Technology is improving at lightning speed, delivering groundbreaking utilities that change our lives seemingly on a daily basis. Has your facility or medical practice kept pace? Are you onboard with the latest and greatest?

Telehealth service aren’t new, but it’s surprising how few organizations have taken the leap in this direction.

According to the American Hospital Association (AHA), 52% of hospitals were using telehealth services in 2013, with an additional 10% indicating their intentions implement them in the future. As of 2016, 75% of hospitals were either using or planning to implement telehealth services. The numbers for other agencies is far less.

Don’t be Left in the Dark

With the increasing number of facilities using telehealth to improve their patient care and outcomes, you don’t want to be left behind. To grow your practice or facility and keep up with the changing needs of your consumers—both practitioners and patients—you need to develop your telehealth plan, or review your plan to ensure you stay current.

The following steps will help you to implement and/or improve your telehealth services:

  • Establish goals and objectives—Before you purchase telehealth equipment, define what you’d like to accomplish. Would you like to monitor certain patient’s vital statistics? Would you like to offer your patients video calls with their physician? Brainstorm as a group about which services you’d like to offer and then trim your list to a few reasonable items that will serve as a pilot program.
  • Identify your clients—Identify the main type of patient in your care, and then think of how to best serve these patients with telehealth services. Be aware that the technology you offer to younger patients will differ from what you offer to an older patient population. For example, you might use video game apps to engage children with asthma, and rely on large fonts and volume enhancements for senior patients.
  • Designate a physician mentor or champion—Find a provider at your facility who’s excited about telemedicine and recruit him or her into the development and implementation of your telehealth services. This person will be a key liaison for getting other providers to “buy-in.” Allow this physician time to research new technologies and bring ideas back to you and your team.
  • Assess your current technology—Perform an inventory of the equipment you have. Check your software and hardware. Is it new? Outdated? Capable of handling the services you’d like to implement? Work with a dedicated Information Technology (IT) staff to perform this assessment.
  • Determine the technology you need—Your IT staff will be able to identify the equipment you need for the bandwidth and Internet connectivity your facility has in place. It’s up to you to choose the specs you want. Will your new equipment will be stationary or will be mobile? Do you want it to integrate with your electronic health record (EHR), etc.?
  • Assess your physical space—You will need a private, dedicated area to perform telemedicine services.
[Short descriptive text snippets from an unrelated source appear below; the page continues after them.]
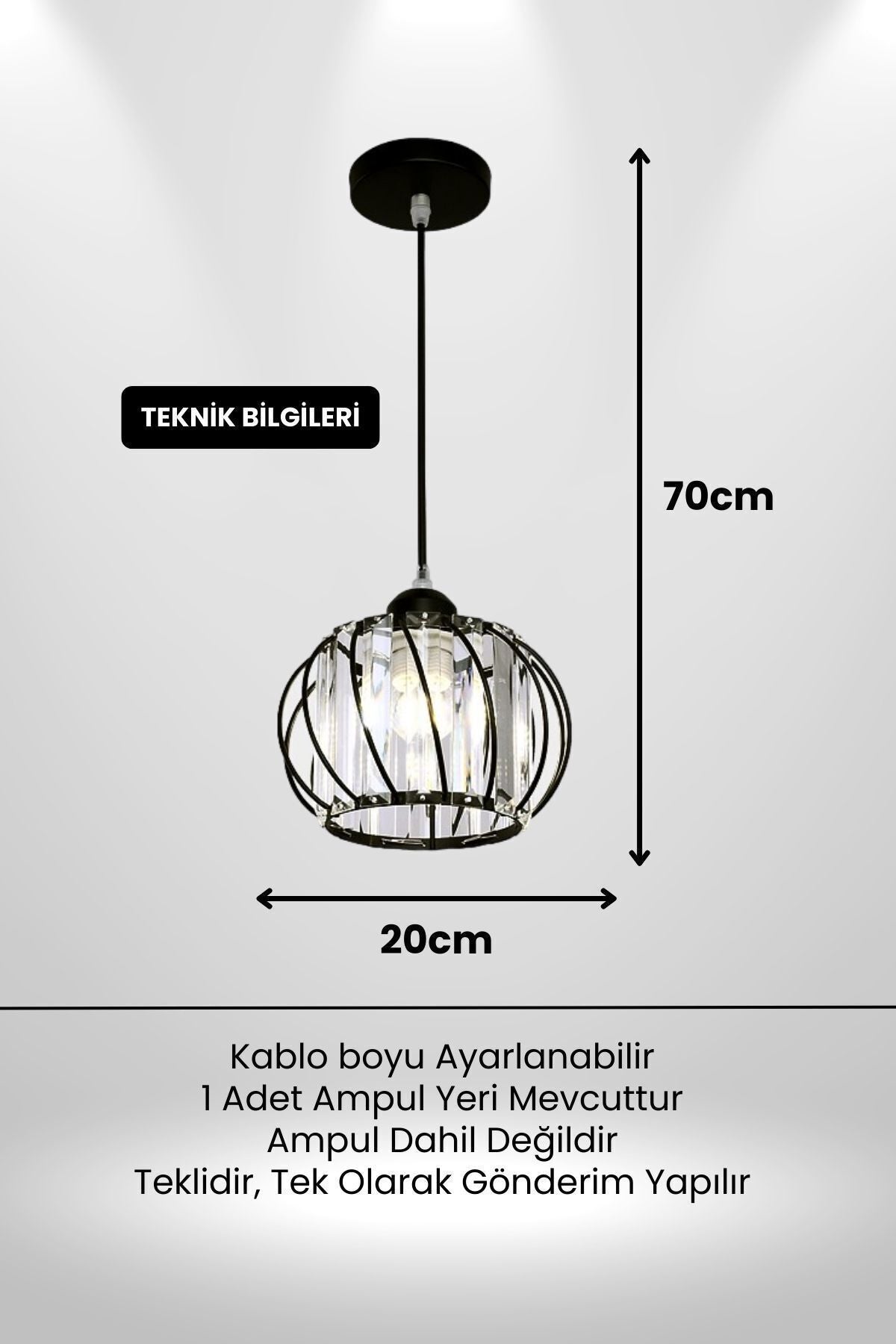 Quattro Black Crystal 1-Light Pendant Light — view 2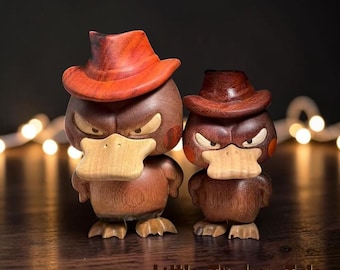 Ebony Angry Duck Magnetic Ornament Wooden Cartoon Figurine Desk Decor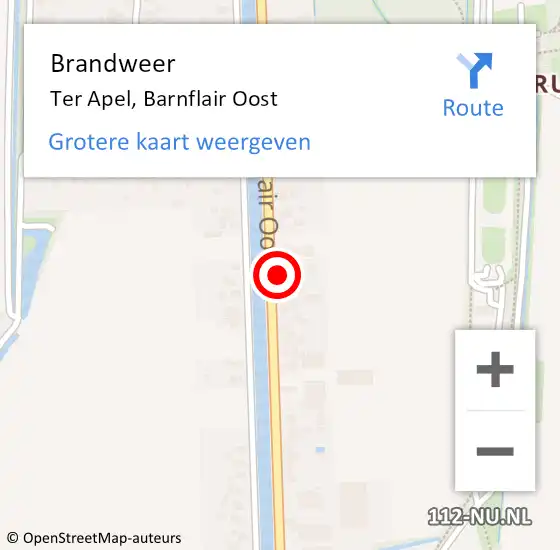 Locatie op kaart van de 112 melding: Brandweer Ter Apel, Barnflair Oost op 17 mei 2022 19:33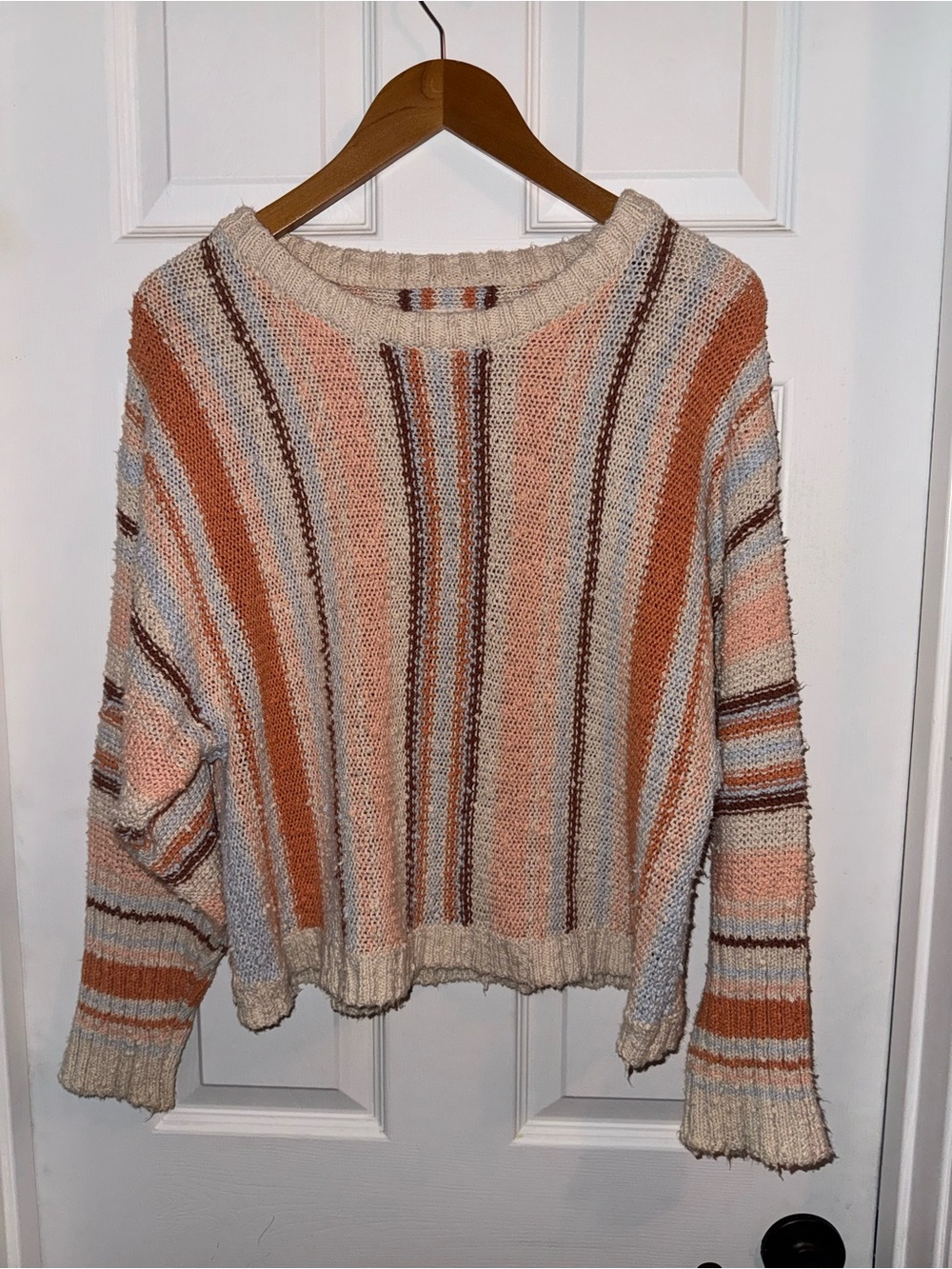 Billabong Striped Scoopneck Sweater in Cream, Rust and Light Blue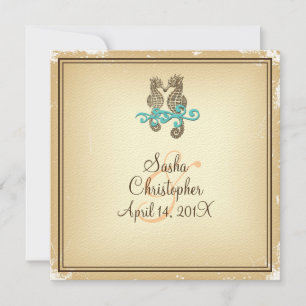 PixDezines Vintage Seahorse / Inbjudningar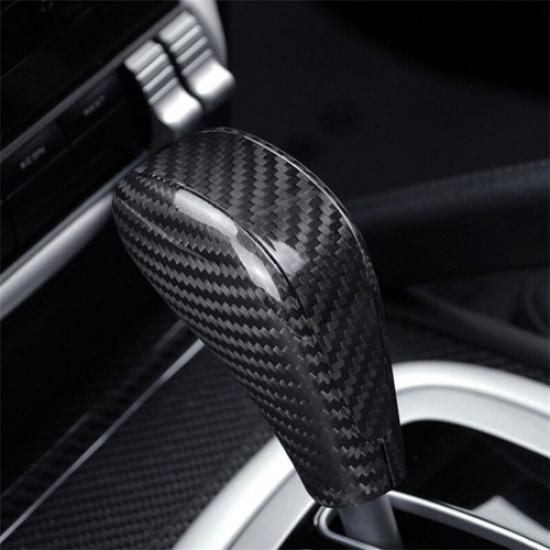 2pcs Carbon Fiber Car Center Gear Shift Knob Case For Porsche Cayenne 04-09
You may need two spaces: one space for a physician to consult with other physicians and/or patients and another that patients can go into for a telehealth exam. When selecting your space, you will also need to provide good lighting and acoustics that eliminate echo.
  • Implement a change management program—Remember to take it slowly when implementing new technology. Start by running a change management program to inform staff of the telemedicine services your practice or facility will be offering. This will ease any worries that providers and staff may have. Explain the rationale and the cost savings behind this implementation.
  • Provide support—It is initially important to provide on-call support to help new users navigate the telemedicine hardware and software. This is key for “buy-in” to the new technology and will help solidify your program.
  • Assign a dedicated RN mentor or champion—Along with the physician mentor, you need an individual who will be the go-to person for training and assistance for all other nurses and ancillary staff on the use of the telemedicine technology and services.
  • Establish policies and procedures—Make sure that part of the implementation of your telemedicine services plan includes written policies and procedures. Address who can use the equipment, when it can be used, and how it should be used. You should also provide a form that documents the various users and intended equipment uses.
  • Assess and reassess your telemedicine program—Shortly after implementation, sit down with staff and discuss the pros and cons of your telemedicine program. What aspects of the program have been working well? What is not going as you had hoped? Modify the program as needed to streamline the process.
  • Educate and engage patients—Speak to your patients about your new telemedicine services. Ask them if they would like to try these new services. If a patient has been in the hospital and will return home with monitoring equipment, train him on the use of the equipment. Bring the equipment into his room and ensure that he and his caregivers are comfortable with the equipment before discharge.

Are you optimizing your telemedicine options?

Bank on TCI to set you on the path to ethical reimbursement with The Telemedicine & Telehealth Handbook for Medical Practices. This invaluable resource will get you up to speed on telehealth billing, coding, denials, and everything between. Capitalize on advice and guidance regarding new telehealth options from CMS, POS codes, how to ace your E/M telemedicine services, when to use modifier 95 to capture synchronous telemedicine services, and so much more!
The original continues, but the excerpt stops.